• [Stored items from a collection]:
· · ·

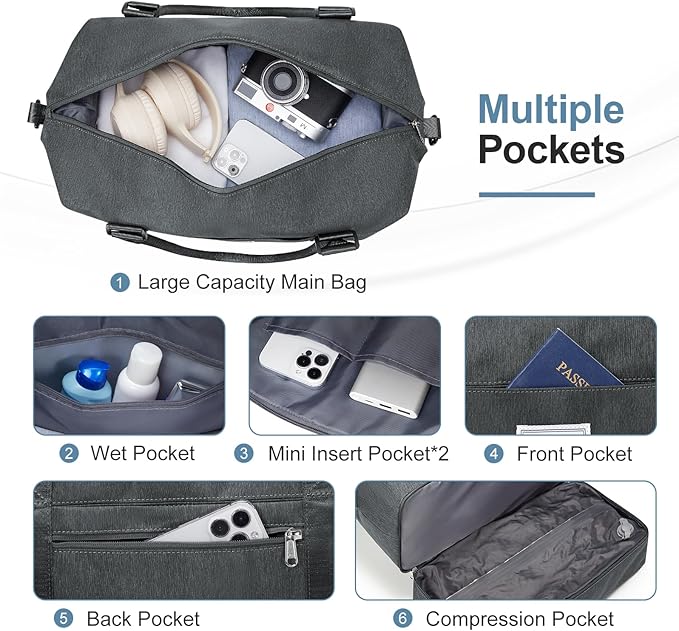 Weekender Bags for Women,Vacuum Overnight Travel Duffel Bag with Compression Pocket & Air Pump, Personal Item Travel Bag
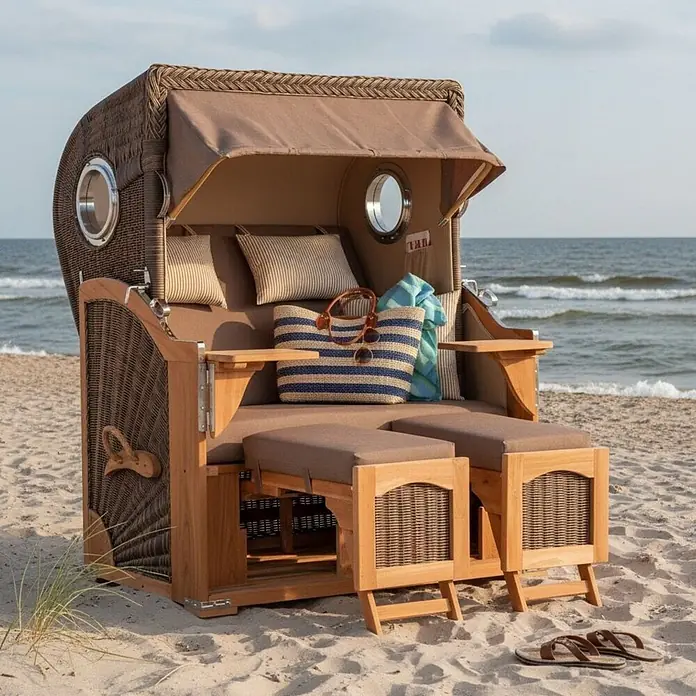 Mr. Deko Strandstuhl Strandkorb Düne Bullauge Teak PE Grey Dessin 534 - 1 Stk., Teakholz. Polyrattan, Rückenlehne verstellbar, PE Grey - Brauner geflochtener Strandkorb mit Holzrahmen und Polstern am Sandstrand, mit gestreifter Tasche und Zubehör.
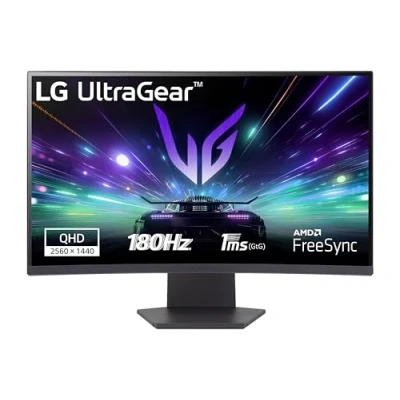 Image of LG 27GS60QC B Ultragear Monitor, 27 inch QHD, 2560 x 1440, VA Panel, 16:9, HDMI, 1ms, 180Hz, FreeSync, Universal Connectivity, Grayish Purple Color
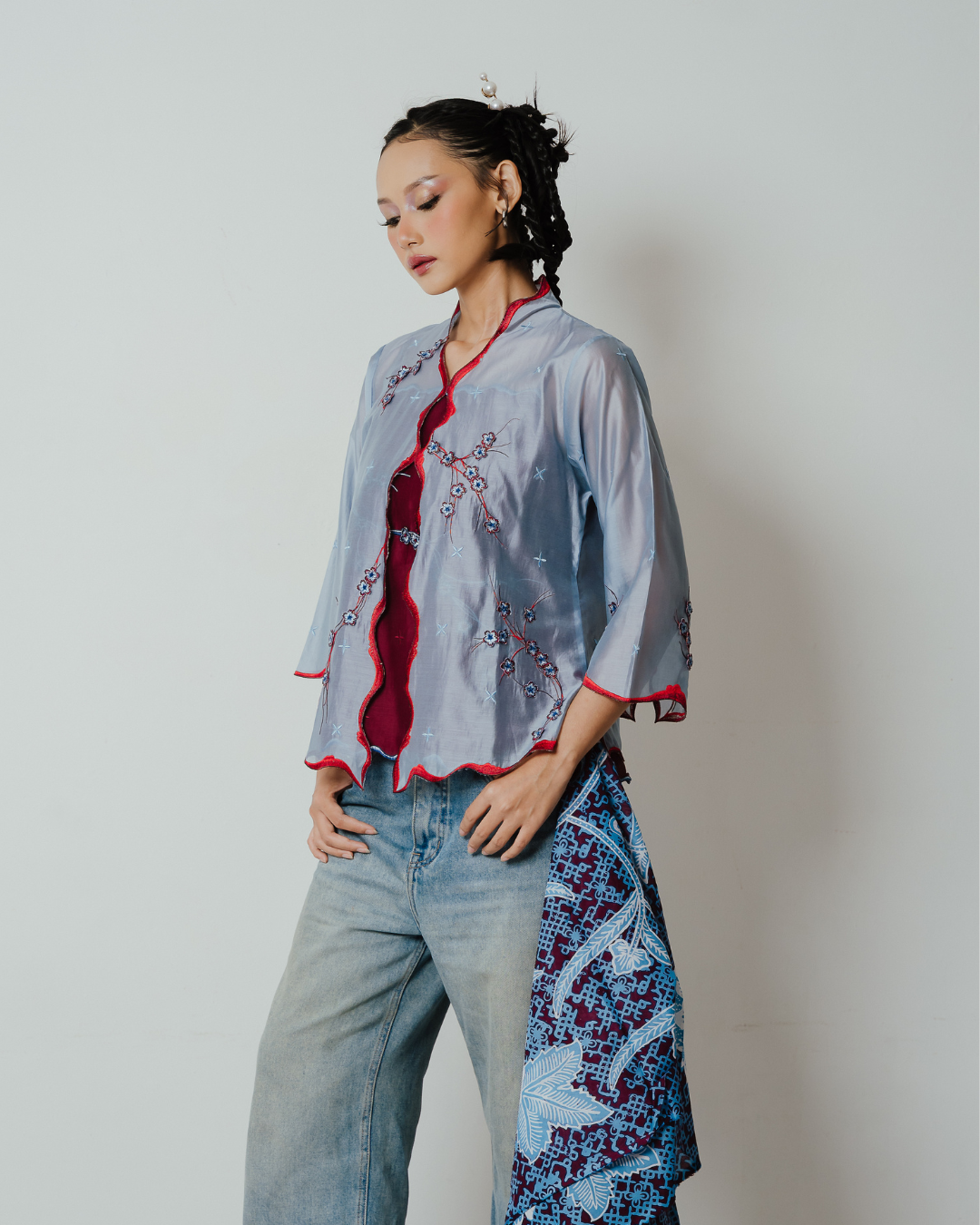 BOOLAO Kebaya Sakura 3D Embroidery - Denim Blue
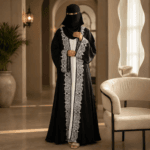 Premium 100% Original Dubai Fabric Embroidered Koti Abaya Full Set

· · ·

• [Task objective]:
The lines to be quoted run from the line containing "BOOLAO Kebaya Sakura" through the end of the entries above, both included; quote them exactly and leave out any pictures.

• [Worked solution]:
 BOOLAO Kebaya Sakura 3D Embroidery - Denim Blue
 Premium 100% Original Dubai Fabric Embroidered Koti Abaya Full Set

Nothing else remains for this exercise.